Provided data
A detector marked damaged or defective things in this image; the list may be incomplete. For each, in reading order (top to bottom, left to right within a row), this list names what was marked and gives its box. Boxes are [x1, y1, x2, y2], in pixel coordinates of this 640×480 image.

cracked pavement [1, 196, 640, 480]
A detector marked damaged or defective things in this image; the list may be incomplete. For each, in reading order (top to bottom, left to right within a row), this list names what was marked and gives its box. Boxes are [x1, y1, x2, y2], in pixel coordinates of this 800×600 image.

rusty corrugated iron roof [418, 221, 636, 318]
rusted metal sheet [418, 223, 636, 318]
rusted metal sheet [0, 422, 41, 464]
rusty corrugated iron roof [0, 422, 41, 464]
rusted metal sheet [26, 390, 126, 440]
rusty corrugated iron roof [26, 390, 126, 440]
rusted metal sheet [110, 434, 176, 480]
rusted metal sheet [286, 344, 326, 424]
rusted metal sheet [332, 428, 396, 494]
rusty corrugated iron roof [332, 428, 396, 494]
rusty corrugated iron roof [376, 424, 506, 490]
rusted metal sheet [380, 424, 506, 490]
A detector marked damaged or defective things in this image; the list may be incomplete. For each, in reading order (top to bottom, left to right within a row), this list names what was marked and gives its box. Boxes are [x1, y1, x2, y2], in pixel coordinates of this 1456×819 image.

...

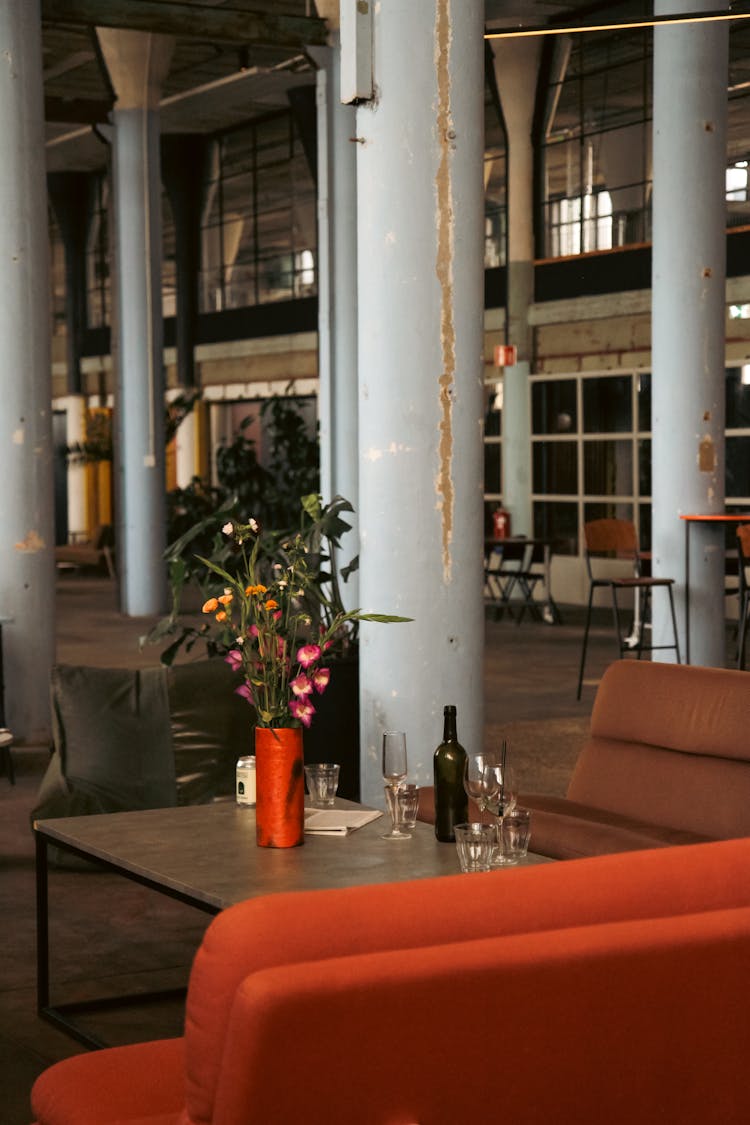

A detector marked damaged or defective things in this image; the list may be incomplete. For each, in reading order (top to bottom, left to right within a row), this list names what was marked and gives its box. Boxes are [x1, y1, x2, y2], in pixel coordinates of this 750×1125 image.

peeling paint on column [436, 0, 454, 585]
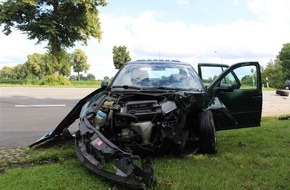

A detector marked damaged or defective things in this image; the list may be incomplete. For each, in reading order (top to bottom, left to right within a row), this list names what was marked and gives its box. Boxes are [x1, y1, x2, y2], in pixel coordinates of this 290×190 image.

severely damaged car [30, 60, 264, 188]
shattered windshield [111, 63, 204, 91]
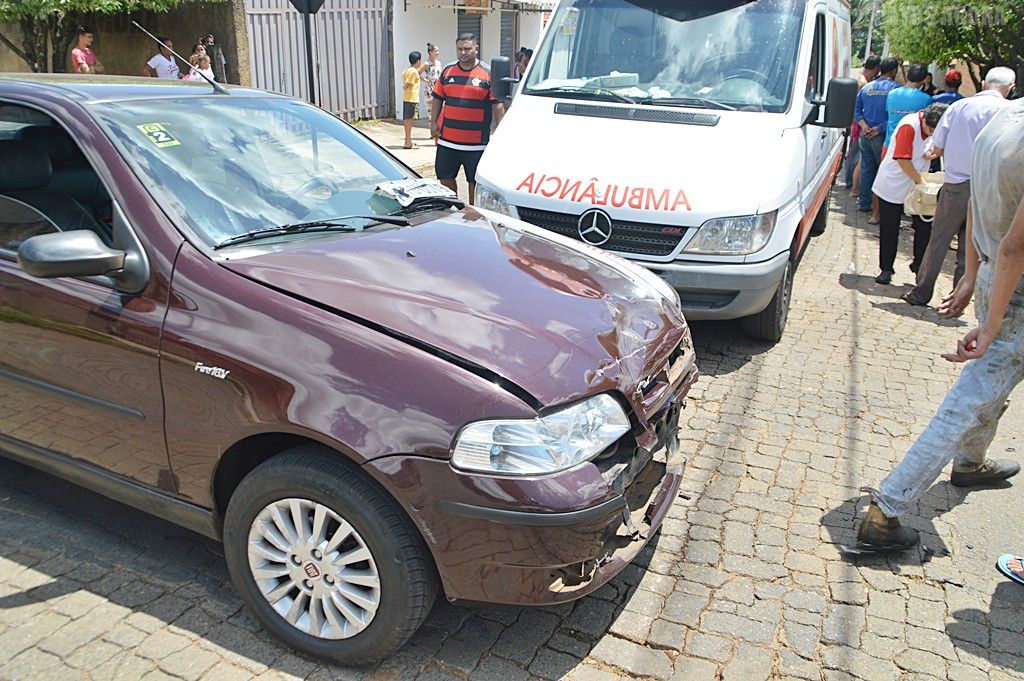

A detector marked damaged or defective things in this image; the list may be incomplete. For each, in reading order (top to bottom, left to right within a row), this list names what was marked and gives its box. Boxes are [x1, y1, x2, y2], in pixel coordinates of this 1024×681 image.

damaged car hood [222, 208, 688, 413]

What you have to do
The entries above hold a line with "this 640×480 image." and a later line with "this 1456×819 image.". Write out exactly those lines and all lines between, nothing more.

Solution to the problem
A detector marked damaged or defective things in this image; the list may be incomplete. For each, in reading order (top to bottom, left to right within a row), this list names what was marked and gives its box. Boxes are [x1, y1, x2, y2], in pixel coordinates of this 640×480 image.

cracked pavement [1, 196, 640, 480]
A detector marked damaged or defective things in this image; the list may be incomplete. For each, in reading order (top to bottom, left to right within a row), this list names what was marked and gives its box. Boxes are [x1, y1, x2, y2], in pixel coordinates of this 800×600 image.

rusty corrugated iron roof [418, 221, 636, 318]
rusted metal sheet [418, 223, 636, 318]
rusted metal sheet [0, 422, 41, 464]
rusty corrugated iron roof [0, 422, 41, 464]
rusted metal sheet [26, 390, 126, 440]
rusty corrugated iron roof [26, 390, 126, 440]
rusted metal sheet [110, 434, 176, 480]
rusted metal sheet [286, 344, 326, 424]
rusted metal sheet [332, 428, 396, 494]
rusty corrugated iron roof [332, 428, 396, 494]
rusty corrugated iron roof [376, 424, 506, 490]
rusted metal sheet [380, 424, 506, 490]
A detector marked damaged or defective things in this image; the list may be incomplete. For each, in reading order (top to bottom, left to right within a row), this list names what was marked and gives its box. Boxes are [x1, y1, x2, y2], in pixel coordinates of this 1456×819 image.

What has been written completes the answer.